From the late 1990s onwards, as both central and local government sought to outsource more and more of their activities to private sector contractors, support services was seen as a sector that could do no wrong and that offered huge scope for growth.

Companies such as Capita (LSE: CPI.L - news) , Serco, Mitie, Carillion (Frankfurt: 924047 - news) and G4S (Copenhagen: G4S.CO - news) all became stock market darlings. All eventually came a cropper in one way or another.

Today saw another horror story from the sector as Interserve (Frankfurt: 860509 - news) saw its share price more than halve following a profits warning. The company, which was valued by the market at £1.1bn a little over three years ago, is now worth barely one-tenth of that.

You may not be that familiar with Interserve. However, with more than 80,000 employees worldwide, this is a business that touches millions of people's lives on a daily basis.

Its army of more than 15,000 Mrs Mopps cleans thousands of shops, trains, offices and stations around the world on behalf of 500 clients. Its people clean windows at 9,000 sites across the UK and Ireland (Other OTC: IRLD - news) .

It builds, designs and maintains all manner of commercial premises, including schools and colleges.

It serves more than 100,000 school meals every day.

It puts up the temporary seating for the Royal Edinburgh Military Tattoo.

It built the A38 Dobwalls bypass in Cornwall, even going to the trouble of including special features to help preserve the local bat population.

And it runs rehabilitation programmes for people leaving prison.

A broad spread of businesses, you might think, that would surely prevent it from suffering from too many mishaps.

Yet history has proved time and again that just because a company is good at one activity, it does not follow that it will be good at another, however closely related it may appear to be.

Sure enough, seeking to expand that spread of activities has conspired against Interserve, which was founded originally as a dredging contractor in 1884.

An expansion into building energy-from-waste plants, an area in which it was not previously in, proved more expensive than expected. The company has already said it will pull out of the sector.

Today, though, Interserve warned that the "timing and complexities" of getting out of the business were likely to "significantly exceed" the £160m that it has currently set aside to do so.

To put the size of that financial hit into context, the company's operating profits last year were just £124m.

That is not the only area where Interserve is finding life hard.

Former Chancellor George Osborne's imposition of a National Living Wage two summers ago at a stroke added £15m to its annual costs - putting margins under further pressure in a sector where they were already comparatively low.

According to Russ Mould, investment director at the stockbroker AJ Bell, the warning signs were there for those who cared to look in the company's half-year results statement last month.

He adds: "The first red flag was the latest batch of supposedly 'exceptional' items, whose consistent presence in the profit and loss account suggests they are anything but that.

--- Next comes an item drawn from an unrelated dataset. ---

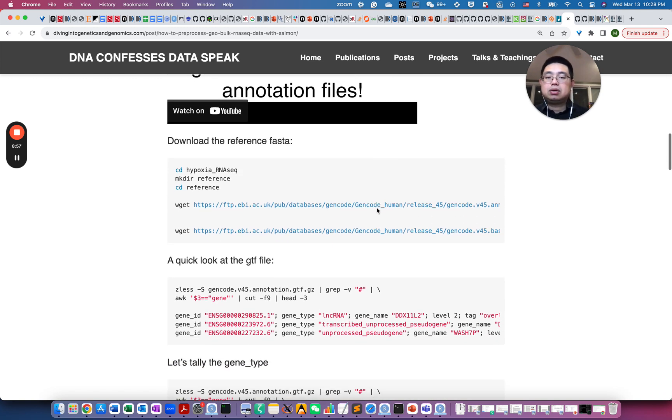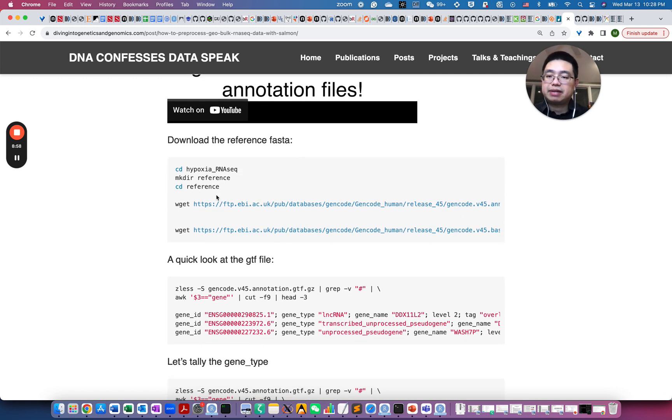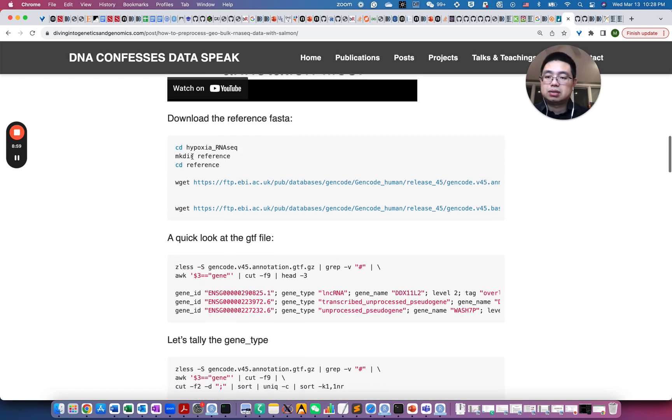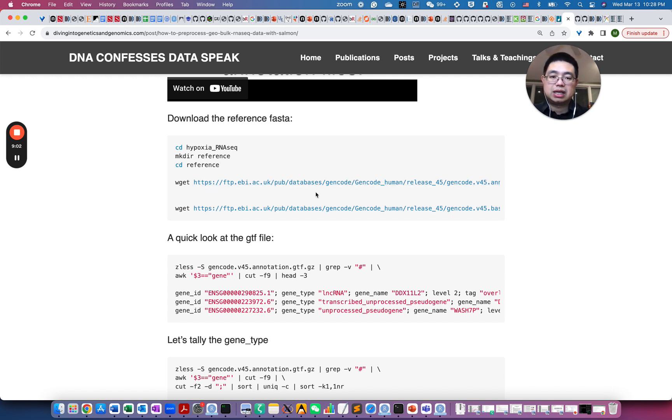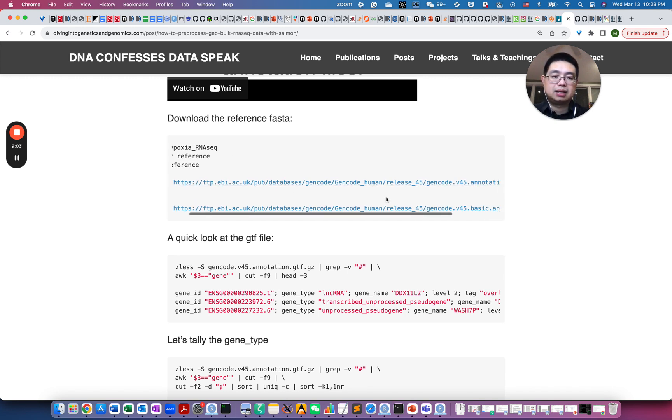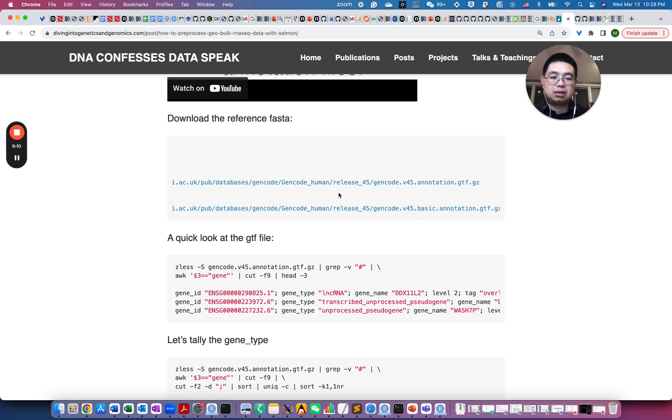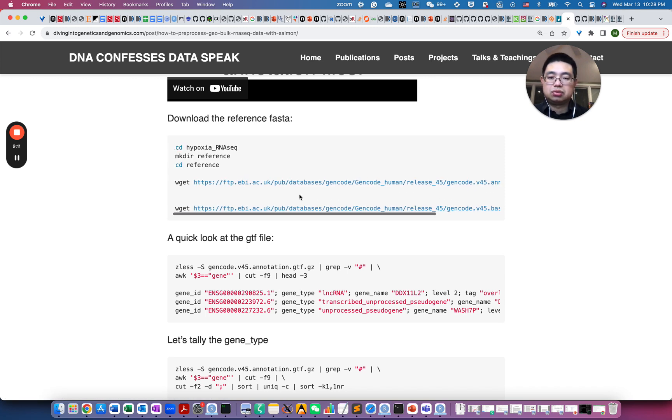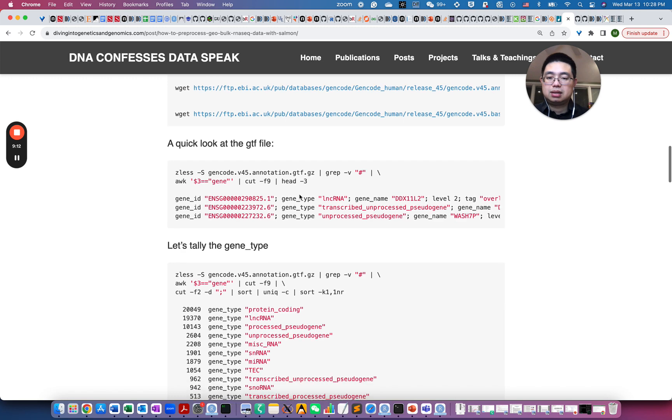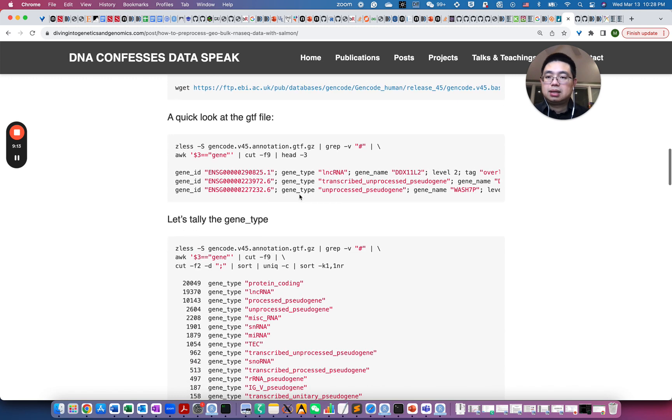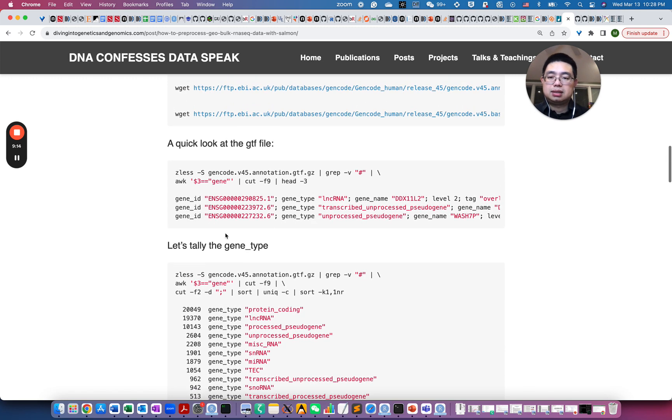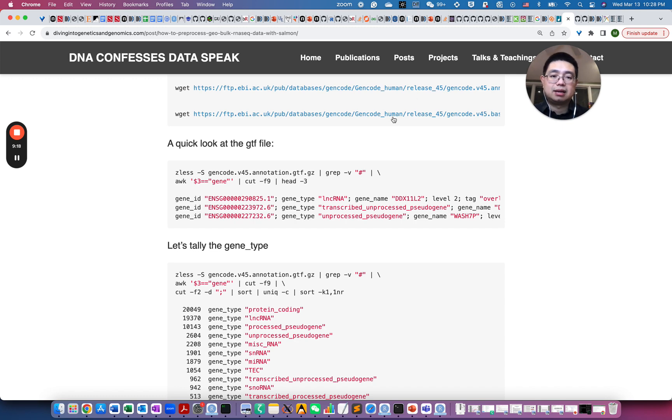So let's download the reference FASTA file. So we actually make a directory as a reference and we just use wget to get the annotation GTF file and those two GTF files, the other one is called basic annotation. So you can use either one.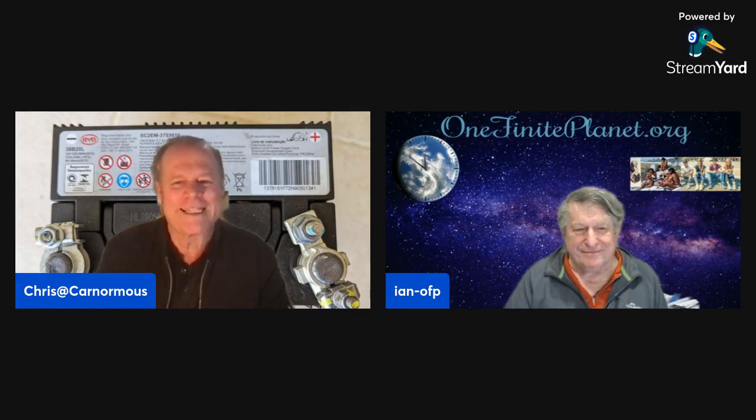Hi everybody, welcome back to another Chris Cormormous video tonight. I've got my special guest here, Ian from One Finite Planet. How are you going tonight, Ian? Good, thank you. How are you? Yeah, I'm not too bad. I'm feeling the warm weather coming, Ian. It's warming up here. Yeah, it is warming up, isn't it? I'm a bit happier. I might not even take my jacket off.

The second red flag was the creaky balance sheet. The third was the use of impenetrable language."

It is perfectly possible that today's warning, which also alerted investors to disappointing trading in other divisions, was what is known in the City as a 'kitchen-sink' job - in other words, a statement where a company throws in every conceivable piece of bad news that it can in order to paint as bleak a picture as possible to investors.

This is a common tactic when a new boss, wishing to depress expectations, has arrived and, sure enough, Interserve welcomed - if that is the right word - new chief executive Debbie White at the start of the month.

Yet there is reason to suppose things may be just as bad as they look.

The company's net debt, a legacy of all that expansion, is forecast by broker Peel Hunt to be at £435m by the end of the financial year.

Getting that down will be one of Ms White's immediate priorities and, as that debt is supported by just £100m or so worth of equity, it seems odds-on that Interserve will be asking shareholders for more money imminently.

Just as soon as it has got around to hiring a new finance director, that is.